GSoC 2026 project

Hi,

I am applying for “Improve handling of older documents by OCR and AI” project for GSoC. Before drafting my proposal for this project I want to make sure my understanding of this project is correct on a high level:

1.A Java interface that allows switching of multiple OCR engines
2.A frontend to format settings of the OCR config
3.Adding a searchable layer of text onto the original pdf
4.Ensuring that Apache Lucene successfully processes it
5.Passing the extracted text to Grobid for automatic metadata extraction

It would be really helpful, if somebody can tell me if I have understood this part correctly

My Background & Setup:
I have already have JabRef set up locally set up on my laptop. Previously I tried to tackle with an issue of “Pseudonomyzation”. While I had successfully written the code with proper logic and it passed all test cases, it was ultimately rejected due to it not being upto architectural standards. I took that feedback seriously. I spent last few months learning about LLD, OOP, Multithreading, Concurrency and writing cleaner production ready code.

Now I am ready to demonstrate my improved coding quality.Could you point me toward a specific good first issue related to the OCR or PDF manipulation components so I can start contributing?

Thank you.

Sounds like one acceptable approach, although I am sure that the “switching between OCR engines” part might be very tough to code, if the engines you are interested in don’t provide Java bindings. Ultimately it is your baby. It is you who aspires to code and maintain it (together with the community), so the question is also: what do you want JabRef be able to do? If you have specific workflows in mind, I am sure you will find a way.

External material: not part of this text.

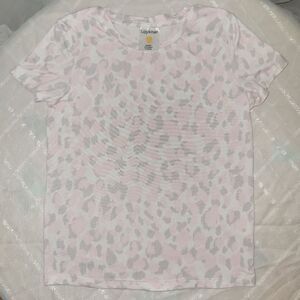 🎉5 For $10🎉 Lily & Dan Size S 6/6x pink white leopard print short sleeve shirt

Thanks for taking the time to reply.
I have already started working on drafting the proposal. But to draft a well planned proposal I need to see and understand the relevant chunks for codebase. I have already read the readme file and contributing guides thoroughly. Can you tell me specific parts of the codebase or important pieces of information I should understand which would help me in drafting the proposal?

I cannot take all the work off you…

I have already started to familiarize myself with the particular codebase for this project. The Ai logic files, logic/pdf files, Logic/search and indexing files are the most important part of the entire codebase I feel. Especially the files under ai provide the basic templates for the code. But the main hurdle I am facing is to learn the OCR libraries as well as to how they work(this is completely foreign to me). Another I want to ask is do I need to learn JabRef specific JavaFX or I need to have an overall understanding of it to contribute?

If the OCR libraries and JavaFX are completely foreign to you at this point in time right before the deadline of the proposal and you feel like it’s too big of a challenge to familiarize yourself with them in a short timeframe, maybe you would have needed to start preparing earlier. The alternative is to come up with a different proposal in a field that you feel more knowledable and confident in. As far as I am aware we are not using a customized version of JavaFX, so if it works with JavaFX, in theory it should also work in JabRef. We do make use of some third party projects like GemsFX to enhance some UI components and to reduce maintenance load, so feel free to look into that.